> **PROBLEM REQUIREMENTS**
Below are lines of data; restate word for word those running from the line containing "2nd image of 1765 Townsend Ave APT 3K" to the line containing "GUESS Strickjacke: TAUPE", inclusive, and no others.

Web page caption snippets:
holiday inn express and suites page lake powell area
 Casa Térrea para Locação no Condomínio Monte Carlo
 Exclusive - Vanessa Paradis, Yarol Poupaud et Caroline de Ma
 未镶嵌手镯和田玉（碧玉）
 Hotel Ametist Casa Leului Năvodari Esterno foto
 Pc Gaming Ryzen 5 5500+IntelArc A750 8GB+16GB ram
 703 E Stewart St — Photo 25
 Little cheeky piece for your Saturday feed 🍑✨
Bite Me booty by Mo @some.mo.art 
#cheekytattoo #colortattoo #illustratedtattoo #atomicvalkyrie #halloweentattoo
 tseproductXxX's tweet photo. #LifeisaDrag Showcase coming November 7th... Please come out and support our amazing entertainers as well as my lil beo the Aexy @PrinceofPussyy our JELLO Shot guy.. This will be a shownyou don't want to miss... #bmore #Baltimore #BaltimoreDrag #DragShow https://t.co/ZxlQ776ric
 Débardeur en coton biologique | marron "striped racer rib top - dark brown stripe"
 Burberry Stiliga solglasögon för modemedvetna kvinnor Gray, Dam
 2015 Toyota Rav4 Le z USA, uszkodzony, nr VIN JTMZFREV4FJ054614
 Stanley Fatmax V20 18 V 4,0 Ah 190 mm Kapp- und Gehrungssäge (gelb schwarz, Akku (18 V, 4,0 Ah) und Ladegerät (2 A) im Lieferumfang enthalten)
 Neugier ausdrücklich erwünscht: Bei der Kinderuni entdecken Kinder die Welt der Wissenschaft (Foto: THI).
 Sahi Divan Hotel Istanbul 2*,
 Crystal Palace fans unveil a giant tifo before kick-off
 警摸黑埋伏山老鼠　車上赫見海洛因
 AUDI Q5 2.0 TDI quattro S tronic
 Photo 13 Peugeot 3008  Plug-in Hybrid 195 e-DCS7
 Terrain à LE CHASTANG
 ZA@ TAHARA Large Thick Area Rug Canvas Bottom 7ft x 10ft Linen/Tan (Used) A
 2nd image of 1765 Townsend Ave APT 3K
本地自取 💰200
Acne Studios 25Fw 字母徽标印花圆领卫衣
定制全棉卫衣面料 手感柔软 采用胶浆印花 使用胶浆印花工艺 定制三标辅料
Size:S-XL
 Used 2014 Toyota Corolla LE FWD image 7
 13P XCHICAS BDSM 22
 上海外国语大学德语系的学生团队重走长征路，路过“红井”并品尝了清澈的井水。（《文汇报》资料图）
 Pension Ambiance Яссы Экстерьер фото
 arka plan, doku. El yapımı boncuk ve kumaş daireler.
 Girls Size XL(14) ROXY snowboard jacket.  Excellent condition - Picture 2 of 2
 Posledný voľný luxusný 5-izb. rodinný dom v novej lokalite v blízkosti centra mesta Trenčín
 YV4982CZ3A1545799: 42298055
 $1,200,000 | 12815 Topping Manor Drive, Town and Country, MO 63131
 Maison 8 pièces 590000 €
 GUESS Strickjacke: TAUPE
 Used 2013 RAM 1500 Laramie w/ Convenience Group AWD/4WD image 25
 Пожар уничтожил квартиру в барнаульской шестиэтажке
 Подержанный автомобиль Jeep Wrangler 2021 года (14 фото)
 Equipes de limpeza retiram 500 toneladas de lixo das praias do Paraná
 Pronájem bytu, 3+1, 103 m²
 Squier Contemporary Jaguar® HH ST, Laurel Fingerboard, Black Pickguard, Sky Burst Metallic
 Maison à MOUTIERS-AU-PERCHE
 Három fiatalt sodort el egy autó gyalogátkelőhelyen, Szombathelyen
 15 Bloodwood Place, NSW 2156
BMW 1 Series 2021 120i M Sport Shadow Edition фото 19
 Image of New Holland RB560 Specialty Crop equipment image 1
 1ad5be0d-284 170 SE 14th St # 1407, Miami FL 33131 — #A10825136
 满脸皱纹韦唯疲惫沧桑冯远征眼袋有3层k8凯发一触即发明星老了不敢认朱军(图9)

> **SOLUTION**
 2nd image of 1765 Townsend Ave APT 3K
本地自取 💰200
Acne Studios 25Fw 字母徽标印花圆领卫衣
定制全棉卫衣面料 手感柔软 采用胶浆印花 使用胶浆印花工艺 定制三标辅料
Size:S-XL
 Used 2014 Toyota Corolla LE FWD image 7
 13P XCHICAS BDSM 22
 上海外国语大学德语系的学生团队重走长征路，路过“红井”并品尝了清澈的井水。（《文汇报》资料图）
 Pension Ambiance Яссы Экстерьер фото
 arka plan, doku. El yapımı boncuk ve kumaş daireler.
 Girls Size XL(14) ROXY snowboard jacket.  Excellent condition - Picture 2 of 2
 Posledný voľný luxusný 5-izb. rodinný dom v novej lokalite v blízkosti centra mesta Trenčín
 YV4982CZ3A1545799: 42298055
 $1,200,000 | 12815 Topping Manor Drive, Town and Country, MO 63131
 Maison 8 pièces 590000 €
 GUESS Strickjacke: TAUPE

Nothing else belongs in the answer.